There is no specific legal definition of a "zero hours contract", but it is generally used to mean an arrangement under which the employer does not guarantee to provide work (the employee has no set minimum hours) and only pays the worker for hours actually worked. The worker usually does not have to accept any work offered, but must carry out the work if they accept.
Zero hours contracts can therefore be used to create a pool of workers who are 'on call', for example, for unexpected surges in work, to cover for specialist staff (who may be on leave or ill) or for on-call work such as care work, instead of having to take on fixed-contract employees or agency workers.
Most zero hours contracts give staff "worker" status, so they are entitled to rest breaks, annual holiday, sick pay and - importantly - the National Minimum Wage. They do not have "employee" status, which carries further rights such as entitlement to claim for unfair dismissal, maternity pay and leave, to request flexible working, statutory minimum notice periods and redundancy payments.
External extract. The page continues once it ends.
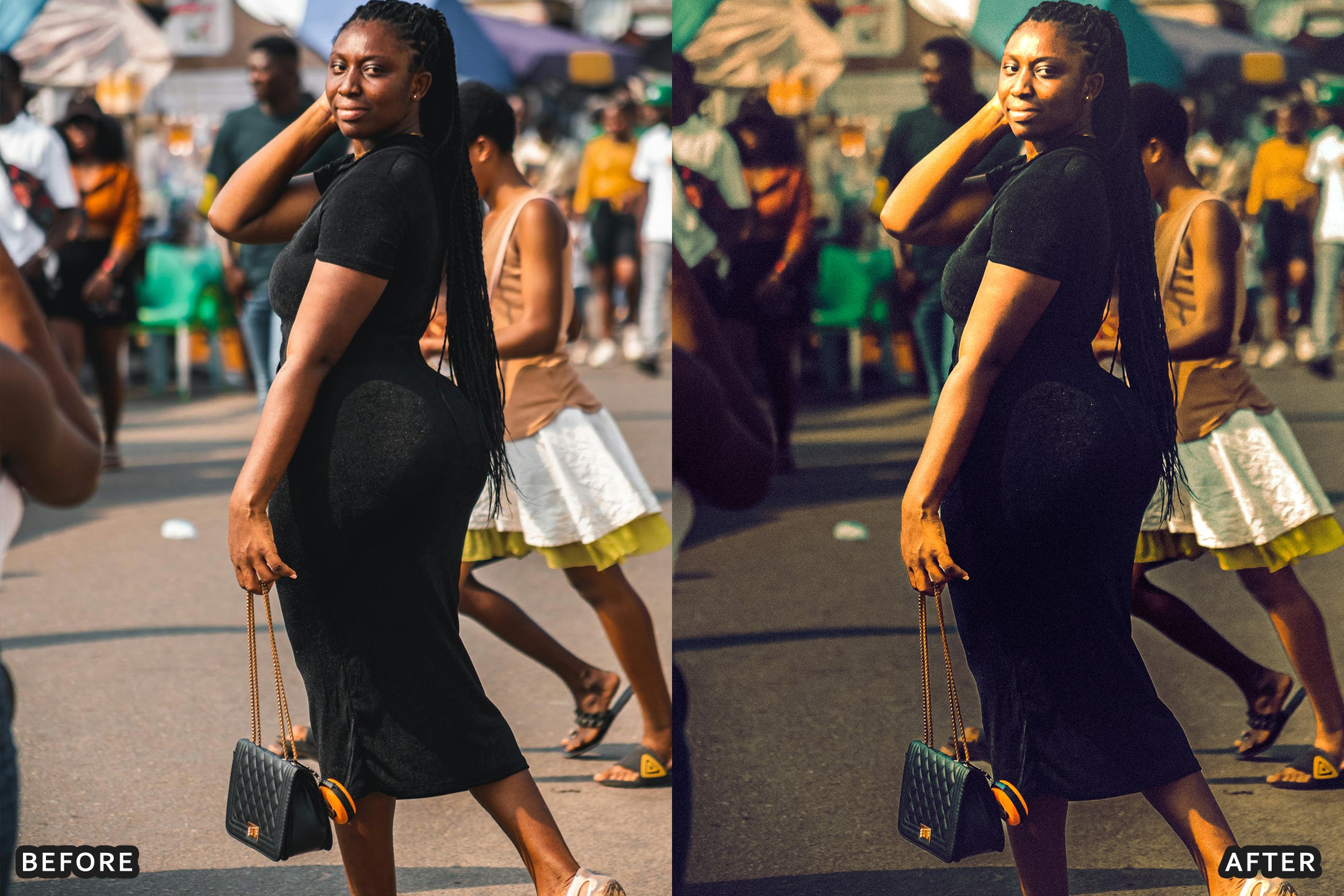 AI-Optimized Dark Skin Cinematic Lightroom Presets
However, if the contract provides that the worker must work a fixed number of hours, must be available for work whenever they are offered it (and cannot therefore work for anyone else too), if the worker has a reasonable expectation of regular work, if the organisation exercises a high level of control over the individual when they are working or if the employee can be disciplined (or subjected to some other sanction) if they refuse work, this can mean that they are employees, with full employee rights.
Where an individual is entitled to holiday pay or the auto-enrolment pension rules apply, it can be difficult to determine a zero hours contract worker's entitlement under these regimes.
It's also important that practice matches details within the contract. In a recent legal case, an employee's hours were stated to be only those specified by his line manager each week, but in fact he had worked a 48-hour week for two years. When his hours were reduced he claimed constructive unfair dismissal. His employer argued that there was no legal obligation to provide him with work, so he was on a zero hours contract - was a worker, not an employee - and could not claim for unfair dismissal.
The Employment Appeal Tribunal (EAT) said that the true agreement, worked out from the evidence as a whole, was that the employee was contractually entitled to work for 48 hours per week. The EAT remitted the case back to the Employment Tribunal to decide whether the failure to provide 48 hours of work amounted to an unfair constructive dismissal.
Zero hours contract workers have the same right to a 20-minute break in every six hours worked, 11 hours' uninterrupted rest in every 24-hour period and 24 uninterrupted hours in every seven-day period as other workers.
Also, like other workers, they are not allowed to work more than 48 hours per week unless they have contracted out of that requirement.
Zero hours contract workers have the same right to 28 days' annual leave (including bank holidays) although this is pro rata (based on the average number of days they work per week).
They must also be paid statutory sick pay from the fourth day of their sickness absence, if they have been ill for at least four days and their average weekly earnings over the previous eight weeks are less than the lower earnings limit (£118 per week in 2019/20) in the last eight weeks.
The National Living Wage or National Minimum Wage must be paid to zero hours contract workers who are on your work premises, even if they are only there waiting to be allocated work. Whatever work is allocated, they must be paid the same hourly rate as other workers doing that work. The National Living Wage applies to all workers aged 25 and over and is £8.21 an hour. The National Minimum Wage applies to all other workers and must be paid at a rate of £7.70 an hour for those over 21 and under 25; £6.15 for 18-20 year olds; £4.35 an hour for 16-17 year olds; and £3.90 for apprentices under 19 or older than this but in the first year of their apprenticeship. After this, apprentices must be paid the rate applicable to their age. These rates apply from 1 April 2019 (lower rates applied before this date).
Discrimination laws also protect zero hours workers. Employers whose zero hours workers are generally of a particular age, sex or race (or any other protected characteristic) should ensure that any additional contractual rights enjoyed by permanent workers are also given to zero hours contract workers (or risk discrimination claims).
The Government plans to review the use of zero hours contracts, although it has indicated that it is unlikely to ban them because they can be useful to both employers and employees. In the meantime, employers should monitor their arrangements with zero hour contract workers - not just what is in the paperwork, but what is actually happening on the ground - to ensure that they do not create an expectation among their zero hours contract workers that they will be offered a specific number of hours work each week.